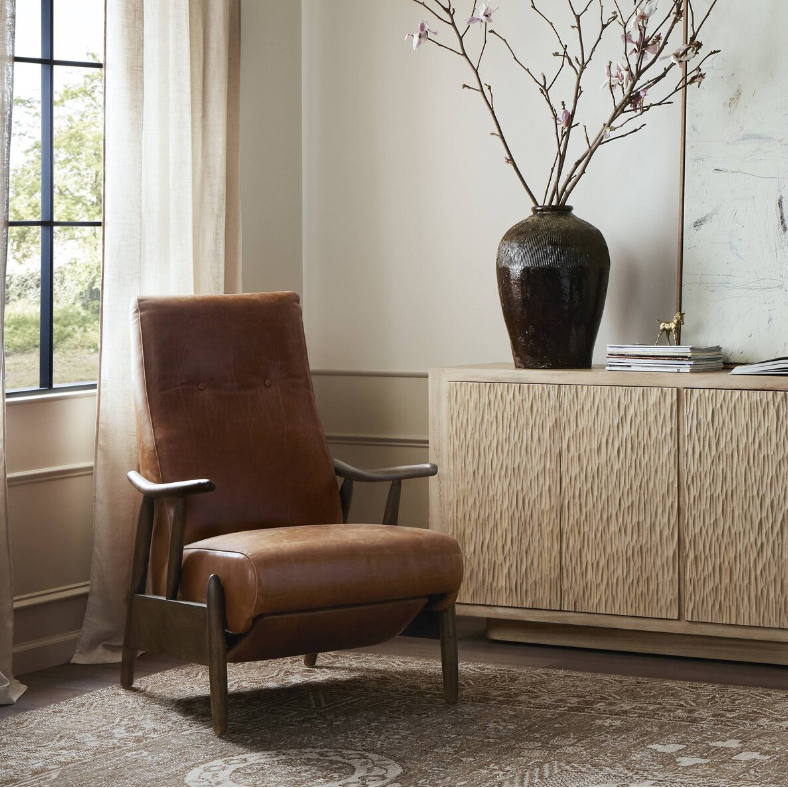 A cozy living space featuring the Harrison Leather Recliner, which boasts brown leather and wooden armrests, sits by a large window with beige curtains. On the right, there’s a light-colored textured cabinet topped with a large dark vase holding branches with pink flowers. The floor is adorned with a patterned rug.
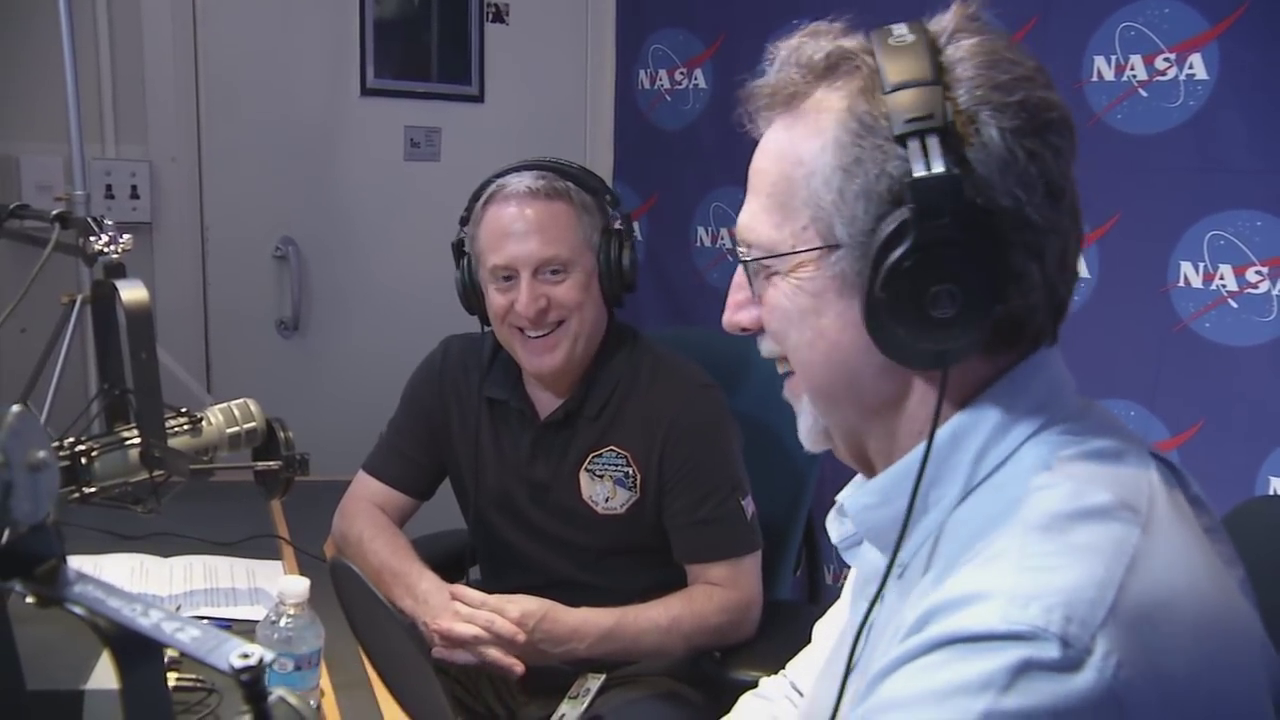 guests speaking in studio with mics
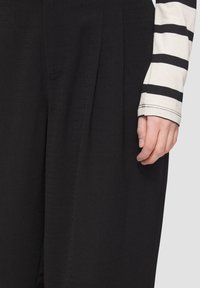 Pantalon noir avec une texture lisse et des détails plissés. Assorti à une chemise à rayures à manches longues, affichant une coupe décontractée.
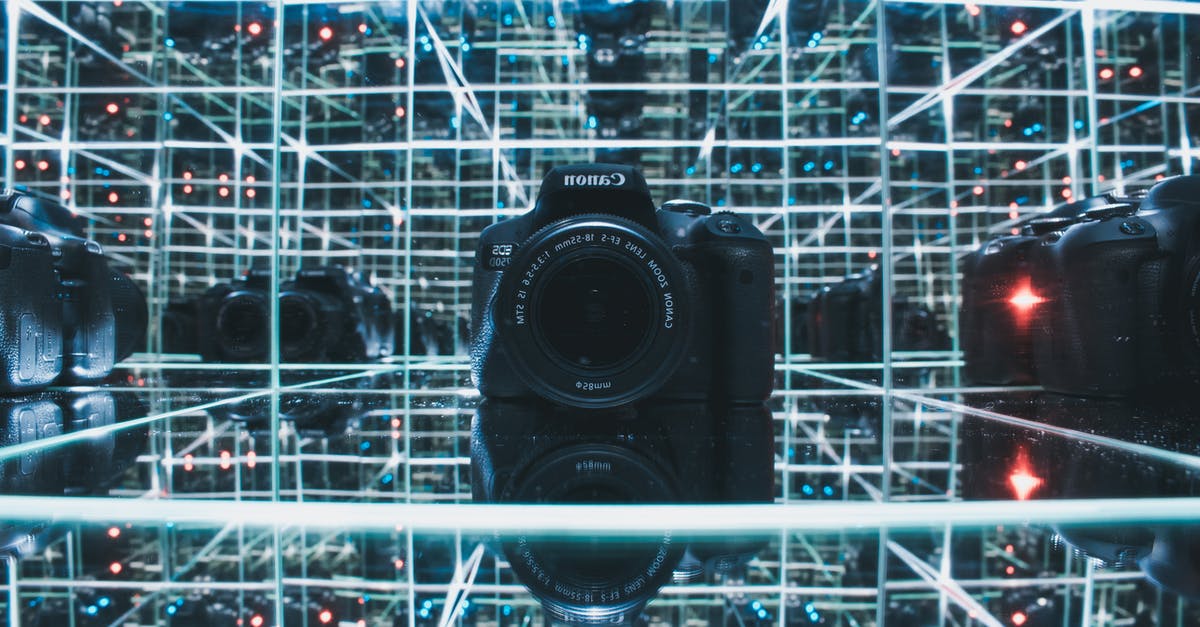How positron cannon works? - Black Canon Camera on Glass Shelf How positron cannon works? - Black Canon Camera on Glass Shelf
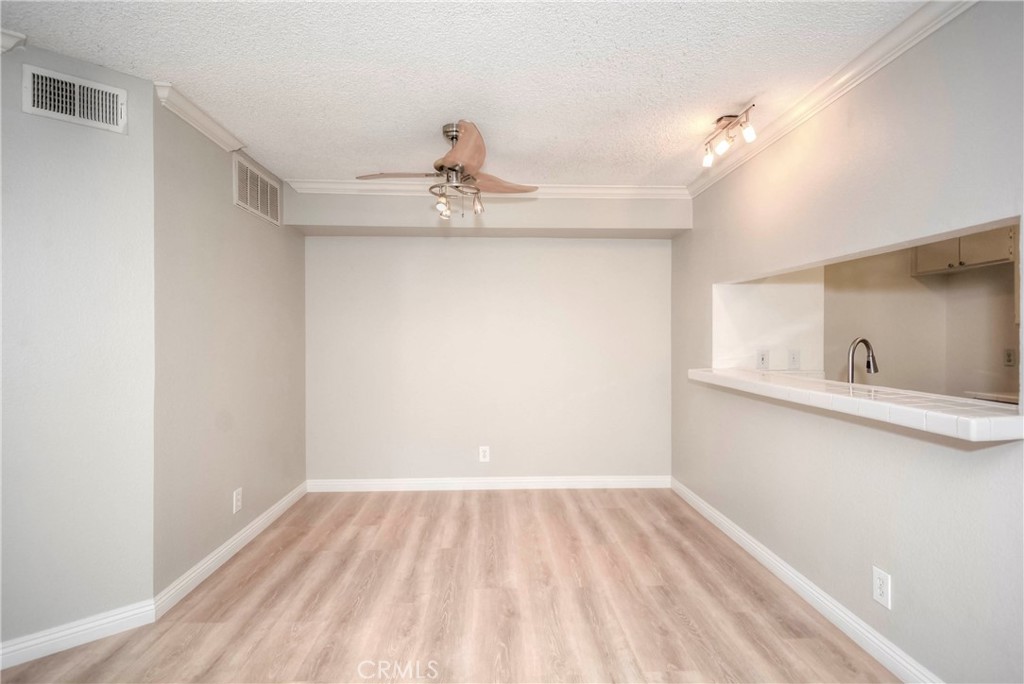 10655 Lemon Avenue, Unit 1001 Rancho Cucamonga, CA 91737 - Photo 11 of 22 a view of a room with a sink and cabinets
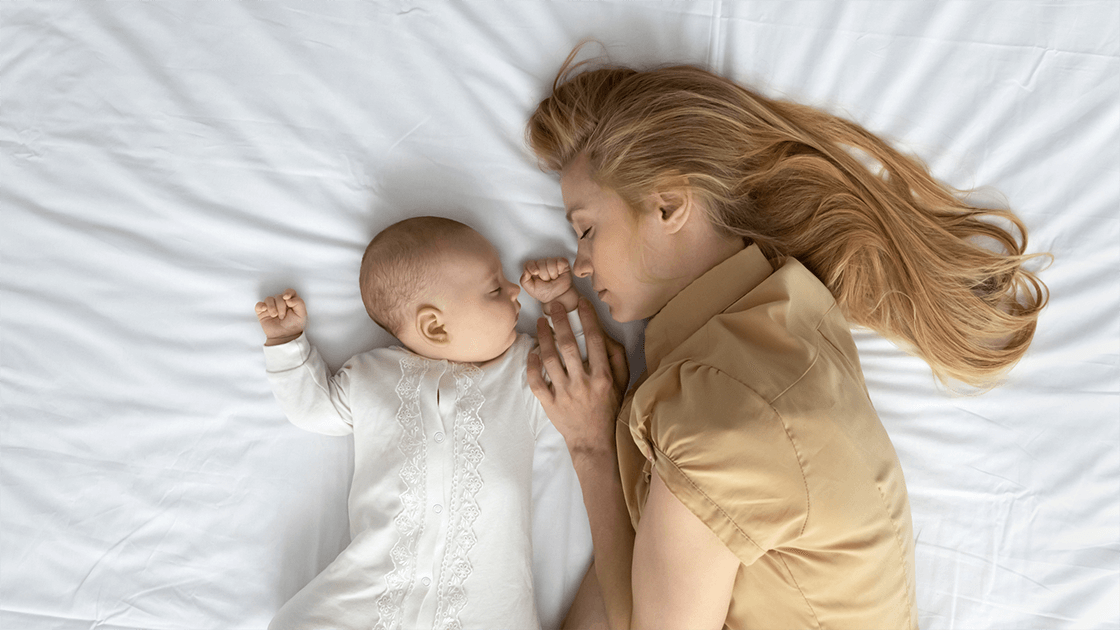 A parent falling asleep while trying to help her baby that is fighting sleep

--

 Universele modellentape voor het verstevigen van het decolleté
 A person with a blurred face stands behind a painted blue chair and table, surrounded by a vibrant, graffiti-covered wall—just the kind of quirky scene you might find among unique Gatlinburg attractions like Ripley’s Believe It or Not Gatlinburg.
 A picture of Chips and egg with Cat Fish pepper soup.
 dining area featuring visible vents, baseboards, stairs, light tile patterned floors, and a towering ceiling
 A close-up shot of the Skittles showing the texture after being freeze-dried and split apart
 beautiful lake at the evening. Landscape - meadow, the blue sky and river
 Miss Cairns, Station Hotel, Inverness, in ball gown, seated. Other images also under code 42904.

...

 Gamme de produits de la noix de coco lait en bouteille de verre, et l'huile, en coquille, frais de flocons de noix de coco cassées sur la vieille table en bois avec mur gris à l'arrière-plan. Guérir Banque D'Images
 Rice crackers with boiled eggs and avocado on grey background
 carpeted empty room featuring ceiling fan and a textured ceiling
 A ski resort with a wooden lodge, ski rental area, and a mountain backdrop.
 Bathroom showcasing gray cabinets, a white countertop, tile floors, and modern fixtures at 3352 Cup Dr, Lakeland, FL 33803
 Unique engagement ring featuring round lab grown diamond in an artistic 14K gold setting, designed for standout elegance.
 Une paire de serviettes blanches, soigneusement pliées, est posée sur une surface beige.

Aim of the exercise -
Check each line of the records above, and copy those that hold the word "floors".

Answer -
 dining area featuring visible vents, baseboards, stairs, light tile patterned floors, and a towering ceiling
 Bathroom showcasing gray cabinets, a white countertop, tile floors, and modern fixtures at 3352 Cup Dr, Lakeland, FL 33803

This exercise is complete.